_REQUIREMENT_
Return the data below exactly, but only from the line containing "Спортивні шорти від Найку, нові" through the line containing "#HappyChineseNewYear2025 https://t.co/6CMMqaWh84", with both of those lines included.

_DATA FOR THIS TASK_
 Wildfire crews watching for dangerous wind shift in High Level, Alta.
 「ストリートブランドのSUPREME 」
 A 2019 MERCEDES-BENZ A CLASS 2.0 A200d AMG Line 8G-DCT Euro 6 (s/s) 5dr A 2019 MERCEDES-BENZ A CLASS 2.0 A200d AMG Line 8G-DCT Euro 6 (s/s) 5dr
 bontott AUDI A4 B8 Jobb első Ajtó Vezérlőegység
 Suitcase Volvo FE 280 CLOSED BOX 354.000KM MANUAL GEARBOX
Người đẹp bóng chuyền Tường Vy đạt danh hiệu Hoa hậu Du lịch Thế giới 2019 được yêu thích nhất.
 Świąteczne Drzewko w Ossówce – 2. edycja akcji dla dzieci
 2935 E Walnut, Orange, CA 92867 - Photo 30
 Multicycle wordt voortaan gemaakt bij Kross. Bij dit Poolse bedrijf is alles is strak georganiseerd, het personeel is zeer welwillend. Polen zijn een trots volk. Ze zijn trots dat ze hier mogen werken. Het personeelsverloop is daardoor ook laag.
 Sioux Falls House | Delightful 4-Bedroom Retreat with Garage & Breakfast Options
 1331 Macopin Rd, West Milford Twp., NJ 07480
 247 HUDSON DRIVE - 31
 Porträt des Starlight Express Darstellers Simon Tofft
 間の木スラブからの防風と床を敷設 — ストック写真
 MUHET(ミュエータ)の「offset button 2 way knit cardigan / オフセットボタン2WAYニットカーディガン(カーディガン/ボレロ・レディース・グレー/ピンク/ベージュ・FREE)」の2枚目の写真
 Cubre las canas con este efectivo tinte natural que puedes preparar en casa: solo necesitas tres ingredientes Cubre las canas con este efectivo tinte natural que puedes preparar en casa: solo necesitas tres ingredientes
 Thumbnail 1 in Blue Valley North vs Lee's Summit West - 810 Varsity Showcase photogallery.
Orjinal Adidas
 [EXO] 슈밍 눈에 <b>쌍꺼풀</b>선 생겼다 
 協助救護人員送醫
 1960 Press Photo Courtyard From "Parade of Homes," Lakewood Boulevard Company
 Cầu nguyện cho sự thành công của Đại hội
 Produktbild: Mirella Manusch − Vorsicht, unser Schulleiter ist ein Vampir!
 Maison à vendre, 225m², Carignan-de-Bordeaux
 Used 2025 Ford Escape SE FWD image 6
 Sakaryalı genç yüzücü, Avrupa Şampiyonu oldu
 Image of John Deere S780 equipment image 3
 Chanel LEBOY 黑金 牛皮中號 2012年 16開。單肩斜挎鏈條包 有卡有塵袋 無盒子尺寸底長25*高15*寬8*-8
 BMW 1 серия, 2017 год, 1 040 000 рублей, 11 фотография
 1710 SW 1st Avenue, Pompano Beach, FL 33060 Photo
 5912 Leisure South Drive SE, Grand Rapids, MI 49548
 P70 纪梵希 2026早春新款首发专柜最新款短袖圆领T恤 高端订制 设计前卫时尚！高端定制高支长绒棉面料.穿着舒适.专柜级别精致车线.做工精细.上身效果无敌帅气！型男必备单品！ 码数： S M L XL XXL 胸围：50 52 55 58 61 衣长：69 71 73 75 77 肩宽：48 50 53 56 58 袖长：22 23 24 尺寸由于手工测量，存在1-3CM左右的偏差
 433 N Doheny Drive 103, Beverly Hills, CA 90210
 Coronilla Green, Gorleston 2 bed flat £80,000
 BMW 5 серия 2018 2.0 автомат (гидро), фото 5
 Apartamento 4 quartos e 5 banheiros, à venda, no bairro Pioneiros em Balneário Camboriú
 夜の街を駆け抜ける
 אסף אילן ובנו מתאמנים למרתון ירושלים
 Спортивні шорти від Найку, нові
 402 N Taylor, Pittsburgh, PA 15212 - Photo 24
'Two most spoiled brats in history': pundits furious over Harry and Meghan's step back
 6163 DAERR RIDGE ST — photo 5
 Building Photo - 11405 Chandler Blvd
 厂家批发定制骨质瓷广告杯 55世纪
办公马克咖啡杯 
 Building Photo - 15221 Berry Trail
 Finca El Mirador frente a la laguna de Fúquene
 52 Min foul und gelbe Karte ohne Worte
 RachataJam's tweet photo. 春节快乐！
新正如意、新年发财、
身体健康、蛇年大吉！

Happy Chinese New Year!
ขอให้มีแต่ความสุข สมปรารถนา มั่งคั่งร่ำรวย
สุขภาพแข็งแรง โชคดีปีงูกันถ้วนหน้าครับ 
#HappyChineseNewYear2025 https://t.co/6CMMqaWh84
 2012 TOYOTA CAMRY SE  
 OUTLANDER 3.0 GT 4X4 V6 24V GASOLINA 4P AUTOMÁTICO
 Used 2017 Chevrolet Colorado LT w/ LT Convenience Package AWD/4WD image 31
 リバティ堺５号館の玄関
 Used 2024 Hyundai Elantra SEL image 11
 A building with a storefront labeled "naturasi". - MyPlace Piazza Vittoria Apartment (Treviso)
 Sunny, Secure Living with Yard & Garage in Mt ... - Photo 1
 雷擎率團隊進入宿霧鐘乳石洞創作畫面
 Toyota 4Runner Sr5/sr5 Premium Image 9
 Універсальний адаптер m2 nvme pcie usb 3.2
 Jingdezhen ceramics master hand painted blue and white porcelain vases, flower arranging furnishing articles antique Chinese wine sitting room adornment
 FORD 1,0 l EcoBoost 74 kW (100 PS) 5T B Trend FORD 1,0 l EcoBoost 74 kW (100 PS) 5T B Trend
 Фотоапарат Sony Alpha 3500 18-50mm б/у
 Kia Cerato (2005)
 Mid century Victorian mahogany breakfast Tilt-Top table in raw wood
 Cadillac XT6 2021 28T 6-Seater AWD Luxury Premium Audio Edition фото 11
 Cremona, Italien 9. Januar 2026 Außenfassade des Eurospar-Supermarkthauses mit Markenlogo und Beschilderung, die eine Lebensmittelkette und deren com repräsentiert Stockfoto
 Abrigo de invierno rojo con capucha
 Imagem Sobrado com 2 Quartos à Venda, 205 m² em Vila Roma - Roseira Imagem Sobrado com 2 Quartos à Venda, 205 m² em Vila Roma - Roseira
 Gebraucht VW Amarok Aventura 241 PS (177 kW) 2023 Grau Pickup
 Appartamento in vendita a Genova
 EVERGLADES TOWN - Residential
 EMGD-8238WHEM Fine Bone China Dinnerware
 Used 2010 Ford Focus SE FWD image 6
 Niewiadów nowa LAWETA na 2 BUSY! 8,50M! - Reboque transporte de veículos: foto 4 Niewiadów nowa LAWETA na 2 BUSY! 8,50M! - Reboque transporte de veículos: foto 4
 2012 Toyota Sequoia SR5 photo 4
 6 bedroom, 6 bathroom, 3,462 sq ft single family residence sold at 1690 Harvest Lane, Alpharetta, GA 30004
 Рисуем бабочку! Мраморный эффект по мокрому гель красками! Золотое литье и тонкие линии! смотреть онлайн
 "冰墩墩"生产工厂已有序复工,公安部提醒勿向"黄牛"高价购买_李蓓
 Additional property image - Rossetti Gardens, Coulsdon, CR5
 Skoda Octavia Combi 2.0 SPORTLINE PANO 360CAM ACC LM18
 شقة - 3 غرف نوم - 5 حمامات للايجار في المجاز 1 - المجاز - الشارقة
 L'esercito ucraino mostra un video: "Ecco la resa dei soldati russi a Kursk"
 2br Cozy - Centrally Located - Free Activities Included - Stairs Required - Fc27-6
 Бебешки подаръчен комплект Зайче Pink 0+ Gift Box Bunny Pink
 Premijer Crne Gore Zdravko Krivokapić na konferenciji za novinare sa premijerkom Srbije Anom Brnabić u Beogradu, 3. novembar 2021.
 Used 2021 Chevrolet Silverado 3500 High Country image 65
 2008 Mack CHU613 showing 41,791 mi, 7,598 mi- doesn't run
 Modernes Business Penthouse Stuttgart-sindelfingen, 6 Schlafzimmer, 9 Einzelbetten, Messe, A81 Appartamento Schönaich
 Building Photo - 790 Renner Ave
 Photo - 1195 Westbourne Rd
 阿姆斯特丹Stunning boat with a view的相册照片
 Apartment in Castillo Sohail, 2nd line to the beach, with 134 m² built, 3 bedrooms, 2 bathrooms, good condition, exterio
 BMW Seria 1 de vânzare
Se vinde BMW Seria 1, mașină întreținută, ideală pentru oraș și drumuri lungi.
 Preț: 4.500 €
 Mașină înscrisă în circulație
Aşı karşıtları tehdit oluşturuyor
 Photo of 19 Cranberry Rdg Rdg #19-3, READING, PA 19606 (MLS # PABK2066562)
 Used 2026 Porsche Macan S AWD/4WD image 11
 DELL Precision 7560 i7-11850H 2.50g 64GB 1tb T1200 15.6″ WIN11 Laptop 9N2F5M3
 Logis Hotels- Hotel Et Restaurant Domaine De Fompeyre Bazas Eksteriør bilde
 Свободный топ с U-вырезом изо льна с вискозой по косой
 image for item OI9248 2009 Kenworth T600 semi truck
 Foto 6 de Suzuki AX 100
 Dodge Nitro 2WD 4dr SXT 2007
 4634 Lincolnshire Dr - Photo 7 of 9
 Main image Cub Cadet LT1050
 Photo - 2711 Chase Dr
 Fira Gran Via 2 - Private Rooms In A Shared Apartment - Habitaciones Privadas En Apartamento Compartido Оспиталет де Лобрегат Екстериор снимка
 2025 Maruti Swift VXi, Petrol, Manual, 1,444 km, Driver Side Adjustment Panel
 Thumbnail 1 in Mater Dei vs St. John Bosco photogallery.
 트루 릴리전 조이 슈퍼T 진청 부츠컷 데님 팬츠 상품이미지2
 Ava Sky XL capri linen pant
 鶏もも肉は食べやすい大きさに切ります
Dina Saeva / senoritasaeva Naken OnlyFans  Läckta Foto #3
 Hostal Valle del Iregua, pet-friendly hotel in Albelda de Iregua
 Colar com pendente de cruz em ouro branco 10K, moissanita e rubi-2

_TASK ANSWER_
 Спортивні шорти від Найку, нові
 402 N Taylor, Pittsburgh, PA 15212 - Photo 24
'Two most spoiled brats in history': pundits furious over Harry and Meghan's step back
 6163 DAERR RIDGE ST — photo 5
 Building Photo - 11405 Chandler Blvd
 厂家批发定制骨质瓷广告杯 55世纪
办公马克咖啡杯 
 Building Photo - 15221 Berry Trail
 Finca El Mirador frente a la laguna de Fúquene
 52 Min foul und gelbe Karte ohne Worte
 RachataJam's tweet photo. 春节快乐！
新正如意、新年发财、
身体健康、蛇年大吉！

Happy Chinese New Year!
ขอให้มีแต่ความสุข สมปรารถนา มั่งคั่งร่ำรวย
สุขภาพแข็งแรง โชคดีปีงูกันถ้วนหน้าครับ 
#HappyChineseNewYear2025 https://t.co/6CMMqaWh84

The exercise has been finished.